TASK STATEMENT.
Among the entries that follow, count the lines that contain the word "steel" and say how many there are, writing nothing else.

DATA TO PROCESS.
────────────────────────────────────────

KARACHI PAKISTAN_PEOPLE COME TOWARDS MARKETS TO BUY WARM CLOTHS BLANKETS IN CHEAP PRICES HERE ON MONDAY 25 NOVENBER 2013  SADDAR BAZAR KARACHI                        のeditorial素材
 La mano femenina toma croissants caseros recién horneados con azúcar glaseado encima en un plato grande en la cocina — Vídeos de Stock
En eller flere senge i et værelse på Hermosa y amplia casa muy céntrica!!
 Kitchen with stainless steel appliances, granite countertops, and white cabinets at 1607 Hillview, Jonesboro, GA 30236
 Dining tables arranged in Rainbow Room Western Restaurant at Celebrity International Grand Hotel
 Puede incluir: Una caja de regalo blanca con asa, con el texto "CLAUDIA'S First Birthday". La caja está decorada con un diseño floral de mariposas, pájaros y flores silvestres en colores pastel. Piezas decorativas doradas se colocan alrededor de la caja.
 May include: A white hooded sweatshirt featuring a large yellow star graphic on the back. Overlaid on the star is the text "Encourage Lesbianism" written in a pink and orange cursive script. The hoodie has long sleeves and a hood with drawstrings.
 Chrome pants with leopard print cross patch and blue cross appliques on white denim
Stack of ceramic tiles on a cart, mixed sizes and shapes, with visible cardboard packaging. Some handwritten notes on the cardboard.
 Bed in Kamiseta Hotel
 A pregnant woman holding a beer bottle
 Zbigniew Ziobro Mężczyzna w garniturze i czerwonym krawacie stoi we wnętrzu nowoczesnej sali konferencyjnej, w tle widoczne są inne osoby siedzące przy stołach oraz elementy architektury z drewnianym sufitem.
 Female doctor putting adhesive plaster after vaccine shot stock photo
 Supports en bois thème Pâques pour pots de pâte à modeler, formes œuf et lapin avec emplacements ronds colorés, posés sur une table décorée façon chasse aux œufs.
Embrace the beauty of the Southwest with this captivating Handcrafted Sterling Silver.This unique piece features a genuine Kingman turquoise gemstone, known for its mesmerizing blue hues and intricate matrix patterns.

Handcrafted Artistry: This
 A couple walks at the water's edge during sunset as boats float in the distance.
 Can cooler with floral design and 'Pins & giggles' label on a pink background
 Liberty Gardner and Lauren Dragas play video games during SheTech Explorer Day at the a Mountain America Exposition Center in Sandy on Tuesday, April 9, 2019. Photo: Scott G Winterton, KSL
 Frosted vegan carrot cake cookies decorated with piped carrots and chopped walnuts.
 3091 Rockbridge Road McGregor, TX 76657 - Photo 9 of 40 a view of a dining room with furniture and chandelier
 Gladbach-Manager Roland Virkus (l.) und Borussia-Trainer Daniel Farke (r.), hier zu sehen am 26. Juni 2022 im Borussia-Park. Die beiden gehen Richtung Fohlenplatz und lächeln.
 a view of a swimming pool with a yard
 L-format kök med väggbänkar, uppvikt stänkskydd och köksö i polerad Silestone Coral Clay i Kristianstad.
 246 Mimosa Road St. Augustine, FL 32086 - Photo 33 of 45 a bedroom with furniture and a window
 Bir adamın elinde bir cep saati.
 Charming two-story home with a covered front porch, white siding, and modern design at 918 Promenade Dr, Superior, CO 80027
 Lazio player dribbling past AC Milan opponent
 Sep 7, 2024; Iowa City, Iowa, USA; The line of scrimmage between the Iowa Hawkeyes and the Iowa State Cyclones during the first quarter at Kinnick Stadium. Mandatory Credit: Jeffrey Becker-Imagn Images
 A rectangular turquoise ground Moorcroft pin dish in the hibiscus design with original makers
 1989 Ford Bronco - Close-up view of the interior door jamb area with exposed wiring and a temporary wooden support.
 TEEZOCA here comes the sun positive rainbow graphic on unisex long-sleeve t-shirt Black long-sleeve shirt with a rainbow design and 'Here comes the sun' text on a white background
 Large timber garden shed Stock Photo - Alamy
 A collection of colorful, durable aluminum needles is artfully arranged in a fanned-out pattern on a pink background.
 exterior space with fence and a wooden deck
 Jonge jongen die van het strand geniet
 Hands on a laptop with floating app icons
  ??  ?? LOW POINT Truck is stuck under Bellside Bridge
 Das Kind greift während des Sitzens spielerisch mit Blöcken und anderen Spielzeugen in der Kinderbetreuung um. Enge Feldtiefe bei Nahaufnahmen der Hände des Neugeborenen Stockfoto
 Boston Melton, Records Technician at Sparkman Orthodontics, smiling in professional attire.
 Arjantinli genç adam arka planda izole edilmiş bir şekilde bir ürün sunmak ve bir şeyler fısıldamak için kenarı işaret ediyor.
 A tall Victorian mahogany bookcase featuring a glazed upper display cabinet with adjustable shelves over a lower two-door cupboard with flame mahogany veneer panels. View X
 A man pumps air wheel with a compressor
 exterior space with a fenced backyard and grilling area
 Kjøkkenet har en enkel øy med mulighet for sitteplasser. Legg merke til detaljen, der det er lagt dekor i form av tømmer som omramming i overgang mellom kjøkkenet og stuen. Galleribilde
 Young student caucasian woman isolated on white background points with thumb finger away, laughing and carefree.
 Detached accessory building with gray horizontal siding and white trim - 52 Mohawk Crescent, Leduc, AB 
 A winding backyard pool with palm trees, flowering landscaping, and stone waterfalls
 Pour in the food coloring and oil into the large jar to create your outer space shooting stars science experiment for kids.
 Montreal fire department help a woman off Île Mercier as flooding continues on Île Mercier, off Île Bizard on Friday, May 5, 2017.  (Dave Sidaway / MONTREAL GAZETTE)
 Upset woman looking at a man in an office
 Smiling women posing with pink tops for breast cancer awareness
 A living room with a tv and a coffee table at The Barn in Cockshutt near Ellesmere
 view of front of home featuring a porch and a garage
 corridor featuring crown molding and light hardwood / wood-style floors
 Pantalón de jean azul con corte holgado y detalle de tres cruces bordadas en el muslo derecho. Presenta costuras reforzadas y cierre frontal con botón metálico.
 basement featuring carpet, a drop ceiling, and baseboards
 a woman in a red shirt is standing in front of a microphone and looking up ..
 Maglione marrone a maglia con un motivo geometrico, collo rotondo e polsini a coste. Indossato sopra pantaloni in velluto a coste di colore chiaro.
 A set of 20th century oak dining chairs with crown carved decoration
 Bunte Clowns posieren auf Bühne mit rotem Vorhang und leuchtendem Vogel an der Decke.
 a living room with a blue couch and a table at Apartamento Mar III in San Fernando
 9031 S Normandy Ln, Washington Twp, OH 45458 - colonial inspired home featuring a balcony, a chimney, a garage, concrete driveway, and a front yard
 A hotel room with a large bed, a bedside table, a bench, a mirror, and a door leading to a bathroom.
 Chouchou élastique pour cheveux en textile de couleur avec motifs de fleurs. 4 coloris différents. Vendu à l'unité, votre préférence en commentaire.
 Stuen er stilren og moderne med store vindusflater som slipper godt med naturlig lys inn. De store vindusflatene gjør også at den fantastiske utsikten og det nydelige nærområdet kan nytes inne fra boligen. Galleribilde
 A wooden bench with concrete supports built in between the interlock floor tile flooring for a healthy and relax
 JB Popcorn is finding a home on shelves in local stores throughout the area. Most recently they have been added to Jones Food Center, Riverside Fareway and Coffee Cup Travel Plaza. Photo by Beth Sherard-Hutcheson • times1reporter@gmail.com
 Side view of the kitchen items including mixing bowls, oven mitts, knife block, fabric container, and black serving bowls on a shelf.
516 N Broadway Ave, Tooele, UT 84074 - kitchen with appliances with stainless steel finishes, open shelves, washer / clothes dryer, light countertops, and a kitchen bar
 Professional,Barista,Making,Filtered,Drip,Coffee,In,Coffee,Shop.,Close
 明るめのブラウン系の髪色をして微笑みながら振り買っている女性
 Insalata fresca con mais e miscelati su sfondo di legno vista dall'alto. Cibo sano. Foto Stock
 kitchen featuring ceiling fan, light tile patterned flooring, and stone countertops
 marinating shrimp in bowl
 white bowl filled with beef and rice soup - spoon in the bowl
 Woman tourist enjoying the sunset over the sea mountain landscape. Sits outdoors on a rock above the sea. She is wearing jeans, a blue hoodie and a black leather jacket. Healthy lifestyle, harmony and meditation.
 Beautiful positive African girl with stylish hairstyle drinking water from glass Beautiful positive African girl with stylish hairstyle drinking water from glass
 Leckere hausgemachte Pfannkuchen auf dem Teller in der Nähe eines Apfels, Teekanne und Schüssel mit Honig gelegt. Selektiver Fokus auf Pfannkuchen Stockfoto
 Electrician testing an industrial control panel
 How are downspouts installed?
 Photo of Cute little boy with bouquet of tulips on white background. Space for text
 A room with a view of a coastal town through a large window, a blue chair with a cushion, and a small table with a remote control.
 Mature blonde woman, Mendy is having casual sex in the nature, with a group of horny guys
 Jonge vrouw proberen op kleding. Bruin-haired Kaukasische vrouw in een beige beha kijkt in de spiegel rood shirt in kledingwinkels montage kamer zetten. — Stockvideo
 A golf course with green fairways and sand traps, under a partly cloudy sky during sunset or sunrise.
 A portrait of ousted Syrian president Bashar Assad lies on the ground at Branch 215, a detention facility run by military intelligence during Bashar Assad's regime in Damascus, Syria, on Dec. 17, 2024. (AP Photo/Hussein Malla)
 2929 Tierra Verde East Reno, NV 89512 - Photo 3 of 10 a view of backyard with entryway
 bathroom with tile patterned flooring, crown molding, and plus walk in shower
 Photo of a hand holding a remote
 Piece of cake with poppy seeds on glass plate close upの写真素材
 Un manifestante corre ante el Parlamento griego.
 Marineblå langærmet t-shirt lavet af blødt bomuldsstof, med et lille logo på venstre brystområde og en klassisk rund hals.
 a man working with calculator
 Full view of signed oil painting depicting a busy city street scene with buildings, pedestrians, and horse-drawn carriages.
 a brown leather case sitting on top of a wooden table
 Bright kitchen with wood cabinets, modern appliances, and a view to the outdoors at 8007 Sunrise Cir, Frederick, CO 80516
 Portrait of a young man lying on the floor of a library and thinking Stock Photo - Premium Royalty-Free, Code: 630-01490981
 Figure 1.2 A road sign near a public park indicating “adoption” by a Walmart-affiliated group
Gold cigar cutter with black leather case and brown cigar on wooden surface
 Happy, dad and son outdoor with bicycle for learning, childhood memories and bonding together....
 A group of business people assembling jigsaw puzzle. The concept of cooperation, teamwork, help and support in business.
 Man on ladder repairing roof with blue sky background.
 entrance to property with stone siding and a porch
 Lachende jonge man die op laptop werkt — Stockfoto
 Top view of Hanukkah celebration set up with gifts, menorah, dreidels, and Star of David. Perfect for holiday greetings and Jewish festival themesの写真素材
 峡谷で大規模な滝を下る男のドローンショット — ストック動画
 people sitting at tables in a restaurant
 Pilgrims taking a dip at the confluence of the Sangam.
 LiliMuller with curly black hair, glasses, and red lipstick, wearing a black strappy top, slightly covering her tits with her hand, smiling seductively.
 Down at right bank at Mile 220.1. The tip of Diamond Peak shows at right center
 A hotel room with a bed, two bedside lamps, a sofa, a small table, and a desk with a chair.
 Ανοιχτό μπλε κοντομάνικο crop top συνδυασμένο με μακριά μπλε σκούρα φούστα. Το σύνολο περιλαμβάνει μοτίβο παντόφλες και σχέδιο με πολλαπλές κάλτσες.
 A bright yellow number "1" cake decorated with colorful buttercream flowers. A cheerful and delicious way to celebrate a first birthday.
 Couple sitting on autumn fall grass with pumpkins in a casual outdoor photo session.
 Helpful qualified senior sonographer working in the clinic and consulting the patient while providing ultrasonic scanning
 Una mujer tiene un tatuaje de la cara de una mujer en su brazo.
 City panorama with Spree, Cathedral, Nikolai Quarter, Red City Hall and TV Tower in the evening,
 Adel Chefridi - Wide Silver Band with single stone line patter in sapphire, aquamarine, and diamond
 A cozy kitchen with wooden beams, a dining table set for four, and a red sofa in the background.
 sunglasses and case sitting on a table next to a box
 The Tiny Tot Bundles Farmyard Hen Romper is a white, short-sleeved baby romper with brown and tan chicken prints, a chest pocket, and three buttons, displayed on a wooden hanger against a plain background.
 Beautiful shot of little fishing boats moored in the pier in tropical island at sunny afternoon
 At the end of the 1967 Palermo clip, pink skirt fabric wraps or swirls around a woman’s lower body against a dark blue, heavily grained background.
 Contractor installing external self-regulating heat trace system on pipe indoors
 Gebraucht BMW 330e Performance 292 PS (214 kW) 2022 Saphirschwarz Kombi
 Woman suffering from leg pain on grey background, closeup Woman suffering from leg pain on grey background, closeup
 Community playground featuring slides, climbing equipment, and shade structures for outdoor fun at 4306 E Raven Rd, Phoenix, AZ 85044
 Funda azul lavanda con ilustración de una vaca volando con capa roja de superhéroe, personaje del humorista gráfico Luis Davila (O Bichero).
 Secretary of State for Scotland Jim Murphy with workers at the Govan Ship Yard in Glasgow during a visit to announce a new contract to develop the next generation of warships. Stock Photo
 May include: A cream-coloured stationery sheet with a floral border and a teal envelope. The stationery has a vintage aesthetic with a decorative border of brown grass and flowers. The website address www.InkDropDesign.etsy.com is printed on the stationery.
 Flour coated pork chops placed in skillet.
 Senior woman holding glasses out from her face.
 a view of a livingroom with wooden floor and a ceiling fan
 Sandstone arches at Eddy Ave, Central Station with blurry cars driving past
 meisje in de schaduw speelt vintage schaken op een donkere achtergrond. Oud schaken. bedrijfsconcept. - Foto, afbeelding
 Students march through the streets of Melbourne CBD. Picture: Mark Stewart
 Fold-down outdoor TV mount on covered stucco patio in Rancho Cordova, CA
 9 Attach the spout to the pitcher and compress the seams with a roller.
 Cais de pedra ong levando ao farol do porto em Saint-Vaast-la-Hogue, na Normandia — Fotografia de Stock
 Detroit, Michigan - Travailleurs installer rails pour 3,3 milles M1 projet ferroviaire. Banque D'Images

────────────────────────────────────────

RESPONSE BELOW.
2